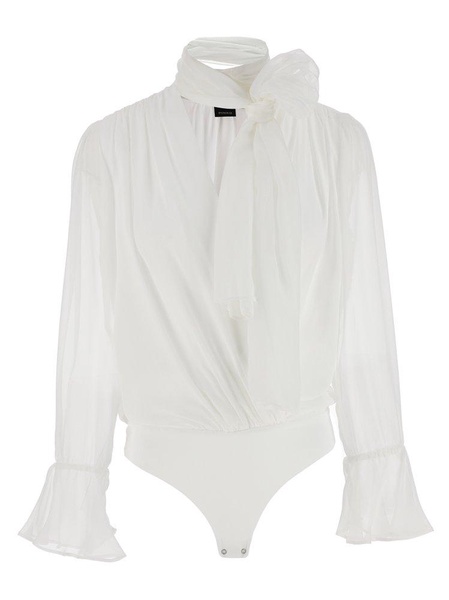 Pinko Long-Sleeved V-Neck Bodysuit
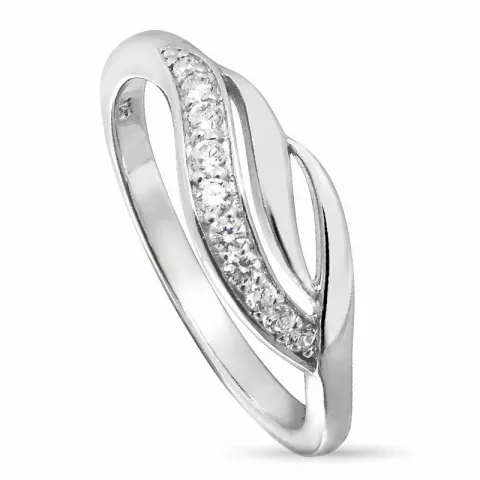 Elegant abstrakt zirkon sølv ring i sølv
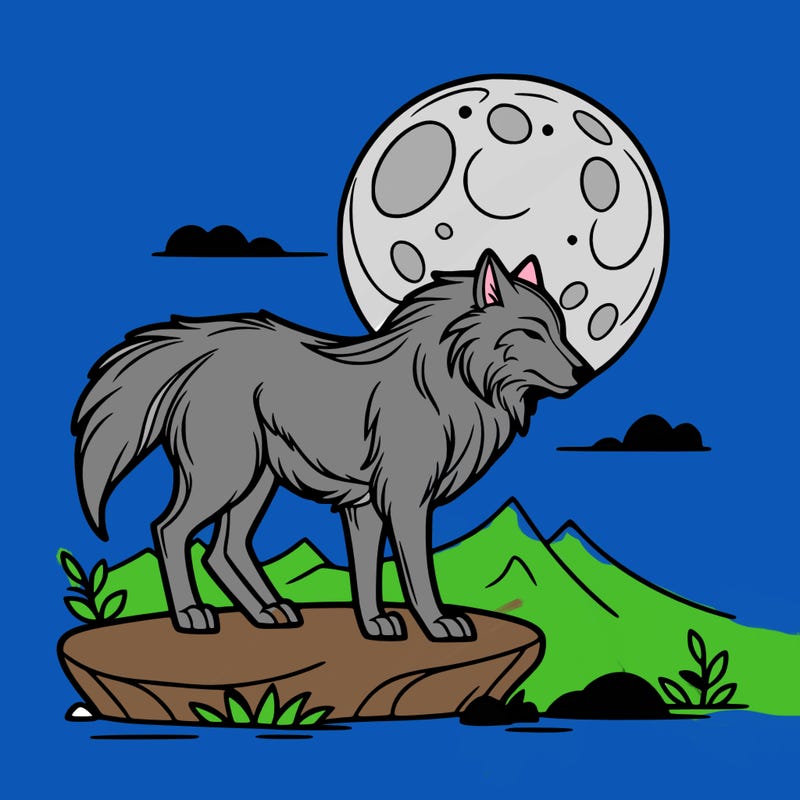 wolf moonlight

TASK REQUIREMENTS: All of the data above should be quoted exactly, except for the pictures.

RESULT:
 Pinko Long-Sleeved V-Neck Bodysuit
 Elegant abstrakt zirkon sølv ring i sølv
 wolf moonlight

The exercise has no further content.